Beylik argümanlardan biri, “güçbirliği”nin geç oluşturulduğu ve bunun da sonucu olarak oluşumun “kendini seçmene anlatamadığı” biçiminde. Bu kendini seçmene anlatmak argümanı daha şimdiden liberal solun özümsediği parlamenter dile ve mantığa iyi bir örnek sayılmalıdır. Bu adamların “kendini anlatabilme”ye o kadar derin bir inancı var ki, seçimlerden önce “kalan dört hafta” iyi değerlendirilir ve “güçbirliği” kitlelere iyi anlatılırsa AKP’nin “tepetaklak gideceği” bile ciddi ciddi iddia edilebiliyordu. Bugün hala aynı kafadalar, sadece “dört hafta”nın yetmediğini, daha geniş bir zamana ihtiyaçları olduğunu düşünüyorlar. Bir dahaki genel seçime birkaç yılı bulan geniş bir zamanları var, dilediklerince hazırlanabilirler; ama daha şimdiden ortaya çıkan belirtiler gösteriyor ki, onların sorunu hiç de geniş zaman değil fakat basitçe “geniş ittifak”tır. Parlamenter saplantılarına rağmen siyasetin katı gerçekleri bunu daha seçimlerin ertesi günü onlara hissettirmiş gibi görünmektedir.

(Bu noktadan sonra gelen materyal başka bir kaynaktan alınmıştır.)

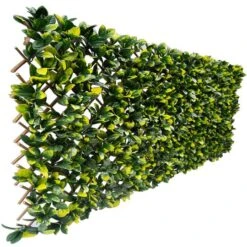 51" Expandable Lemon Leaf Lattice Screen -Flowers Michael Store D329646S 4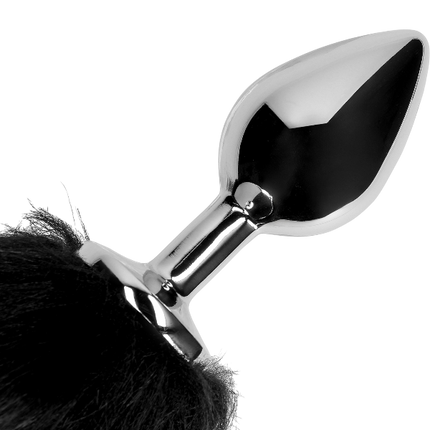 OUCH! Vossenstaart met Metalen Butt Plug Zwart – Cosplay Anaal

Kürt basınındaki ilk yorumlar “kendini anlatamamak” etkeniyle birlikte ve bundan da önce, başarısızlığı tam da bu türden bir “geniş ittifak”ın kurulamamasına bağlıyor: “Güçbirliği projesi doğru bir seçenektir. Ancak dar ve eksik kalan, tamamlanmayan bir seçenektir. Bu projenin, kendini tamamlamamış olması, ANAP ve CHP gibi partilerin de bu yapıya taşınmamış olması, marjinal kalmasına yol açmıştır. Birinci önemli faktör budur.” (Özgür Gündem, 30 Mart 2004, Başyazı). “Kendini anlatamamak” argümanını herkesten çok(164)kullanan EMEP yöneticileri de, buna rağmen başarısızlıktan “CHP bölücülüğü”nü sorumlu tutarak, sonuçta aynı kapıya çıkıyorlar. Böylece gelecekte CHP ile ittifakın zemini şimdiden döşeniyor, ama demin yaptığımız aktarmadan da anlaşılacağı gibi, üzerine büyük hayaller kurulan “2 milyon Kürt oyu”nun sahipleri bunu bile yeterli görmüyorlar, daha şimdiden ANAP vb. partilerden sözediyorlar. Kürt oyları üzerinden parlamenter hayaller kuranların bu denli genişlemiş bir ittifakı nasıl karşılayacağını ise zaman gösterecek.